ANSELM carries over the solipsistic doctrine of PERFECT DAYS, in which Wenders permits only Anselm’s massively imposing plastic arts to speak for themselves. There is no objective views can be garnered from other interviewees besides the artist himself, who only occasionally talks in an abstruse manner as if he is a mystagogue, commingled with footage of him holding forth in an erstwhile television interview, his practice on pyrography, and Wenders’s artistic license of creating two young versions of Anselm to either interact with him or re-enact his life, culminating in the confluence of two Anselms (one of today, one a preteen boy) near a still lake.

Most of the time, audience is left to savor the scorched-earth, clapped-out, bleak, sometimes edging towards sepulchral, expressions of Anselm’s opuses (however, it requests an art connoisseur to remark on his eclectic style and methods), the oceanic scale, cavernous space and appreciable amount of which is staggering. Accompanied by Küßner’s somber yet lilting score, the overwhelming impressions of all this constitute an exemplum of Gesamtkunstwerk, a nearly fully immersive experience within an artist’s realm, one could only conjecture what virtual reality will do in the near future, to further and upgrade such experience to the nth degree!

Your mileage may vary, but any semblance of the soi-disant “Stendhal syndrome”, once successfully derived from THE SALT OF THE EARTH, Wenders’s documentary on Sebastião Salgado, isn’t forthcoming this time, which could chiefly attribute to in want of a profound connection with Anselm the artist, who remains as opaque as ever by refusing having his brain picked, which Wenders acquiesces.
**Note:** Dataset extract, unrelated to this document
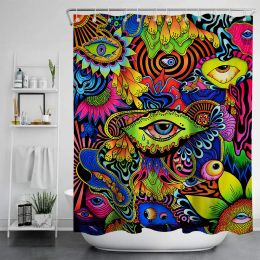 Curtains New Modern Style Psychedelic Series Shower Curtain Polyester Waterproof Mildew Proof Abstract Eyes Bathroom with Hooks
For what it is worth, ANSELM has no difficulty to pique audience’s interest to see his paintings, installations and site-specific artworks in person, which, in fact, is the minimal function an art documentary manages to implement. Speaking for myself, I am equally enticed to read poems of Paul Celan and Ingeborg Bachmann, if that doesn’t fall into Wenders and Anselm’s intentions.

referential entries: Wenders and Juliano Ribeiro Salgado’s THE SALT OF THE EARTH (2014, 8.0/10); Wenders’s PINA (2011, 8.1/10), UNTIL THE END OF THE WORLD (1991, 7.5/10); Yasujirô Ozu’s AN AUTUMN’S AFTERNOON (1962, 8.4/10).